In my last post, I talked about how gaslighting myself helped me achieve my goal of summiting Chimborazo. It’s a strategy that works—for a little while, at least. But I’ve come to realize that this approach has an expiration date. Long-lasting strength isn’t about ignoring your body’s signals or convincing yourself you aren’t tired. It’s about learning to live in the present, building a deep sense of intuition, and learning to support your body’s needs. I genuinely believe that true strength isn’t just about what you can endure, but also about knowing when to stop, rest, and heal.

When I think about long-lasting strength, I think about this boat owner/fisherman I got to meet a few weeks ago! He is in his 80s, He’s sharp as a tack, and he does 500 pushups a day. Like whoah.
Sinking
For months, I felt like I had been swimming with a weighted vest. As long as I kept swimming, I was doing ok and able to keep pushing myself to do fun and adventurous things. But if I stopped pushing, I knew I’d just sink. And from the moment I landed back from Ecuador, that weight took hold. Thank god my mom was there to help get me to Massachusetts. If you don’t know my mom, she’s an amazing woman. She flew to Denver just to help me pack and drive across the country. Also, she did 75% of the driving.



As we drove, I could barely stay awake each day, but I also couldn’t sleep. I wasn’t hungry. My brain felt foggy. Honestly though, I wasn’t surprised that I was breaking down. My body had been sending me signals for a long time. For the past four months, my period had been gone, a signaI I had relapsed into Hypothalamic Amenorrhea (HA). I kept pushing because I was so focused on my goal of summiting Chimborazo, but I knew facing HA recovery again was coming.
What Is HA?
HA is a problem many women face. It’s a condition where the hypothalamus is suppressed because your body doesn’t feel it’s safe to spend energy on “silly” things like hormones. And honestly? I get it. I had just forced my body up a 20,000-foot volcano on no sleep—of course it wasn’t thinking about reproduction. Lots of girls and women have HA, and some women who are on the BC pill don’t even know they might have it! But just because something is common doesn’t mean it’s healthy—and it’s about much more than just having kids.
Healthy hormones are crucial for so much more than reproduction. In the short term, low estrogen can lead to fatigue, mood swings, sleep disturbances, and brain fog to name a few. Over time, it can contribute to serious health issues like early-onset osteopenia and negative impacts on your cardiovascular and brain health. I’ve always valued my long-term health above all else, and I knew I had to make some serious changes. This meant prioritizing hormonal health and drastically decreasing all kinds of stress.

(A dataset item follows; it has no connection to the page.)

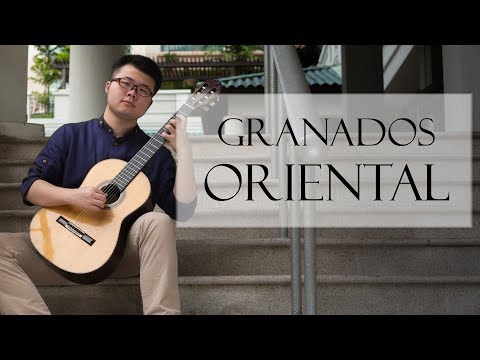 Spanish Dance Op. 37 No. 2, "Oriental" - Enrique Granados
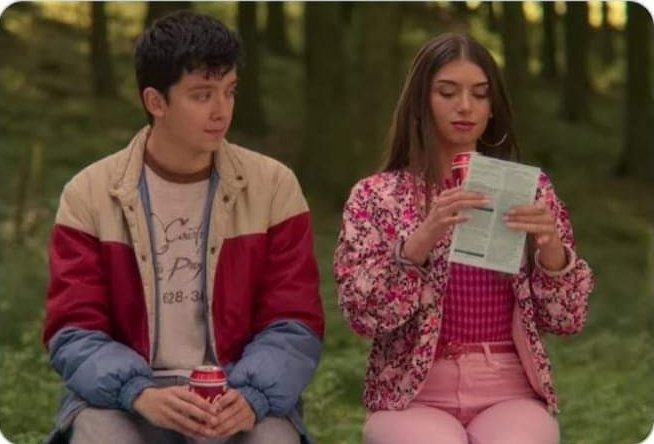 GirafaInvertida's tweet photo. A verdade é que até a Ruby teve mais química com o Otis do que a Ola.
#SexEducation https://t.co/LKW8GStLEX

My new mission was simple, to go “all in”. This term is from an HA recovery guidebook (pictured above) which basically means to eat more and more frequently (at least 2,500 calories a day, every 3-4 hours, prioritizing fats and carbs), and then completely stop all high-intensity exercise. No running. No HITT. I guess also no going on the stair stepper with an oxygen deprivation mask?
The Slow Road to Recovery
A prescription to sit around and eat more sounds great, but HA recovery is kind of a bitch. The first time I recovered from HA, it took a whole year of “all in”. I am hopeful/expectant that this time won’t last nearly that long. However, recovering from under-fueling is incredibly counterintuitive. I need to eat more, but my digestion is sluggish. I need to rest, but my anxiety is heightened. I am tired all day, then wired at night. I miss the endorphin rush of a good run and I sometimes feel sad seeing my friends’ adventures on Strava.
I’m also incredibly grateful for my time in the Berkshires. It truly offered me an opportunity to rest. As a summer camp nurse, my job was way less intense than the hospital, with ample time for bathroom and meal breaks. I was provided with genuinely yummy and nutritious meals, snacks, and desserts. Heck, even laundry was done for us! I traded high-intensity workouts for short walks in the woods, yoga, and even a few dance classes with the kids.
Little by little, I notice things improving. I’m getting hungry for full meals more often, and I am rediscovering the joy in just being outside (realizing I don’t have to be about to die outside in order to enjoy it). I do believe things are slowly getting better, but it takes time. I got my blood work done recently, and it was disappointing to see, but I also recognize the need to continue on.
Some side quests while in the Northeast
Because of this, I’ve decided I need a little more time to heal. I was offered a three-month Telemetry contract in Rhode Island, and I’ve decided to take it. When my body is ready, I’m so eager to get back to Colorado for the mountains, run clubs, and the friends I miss. I’m also genuinely excited for this next chapter. Providence seems like an adorable city with lots of young people and a good music scene. My lease is in a great area (near Brown’s campus), and I am not far to the coast. Also, even though it is not necessarily restful, surfing doesn’t count as HIIT. Surfing has been on my mind to learn for a bit; it’s just not really accessible in Colorado. So with that … catch my future posts about my adventures as a kook on the East Coast!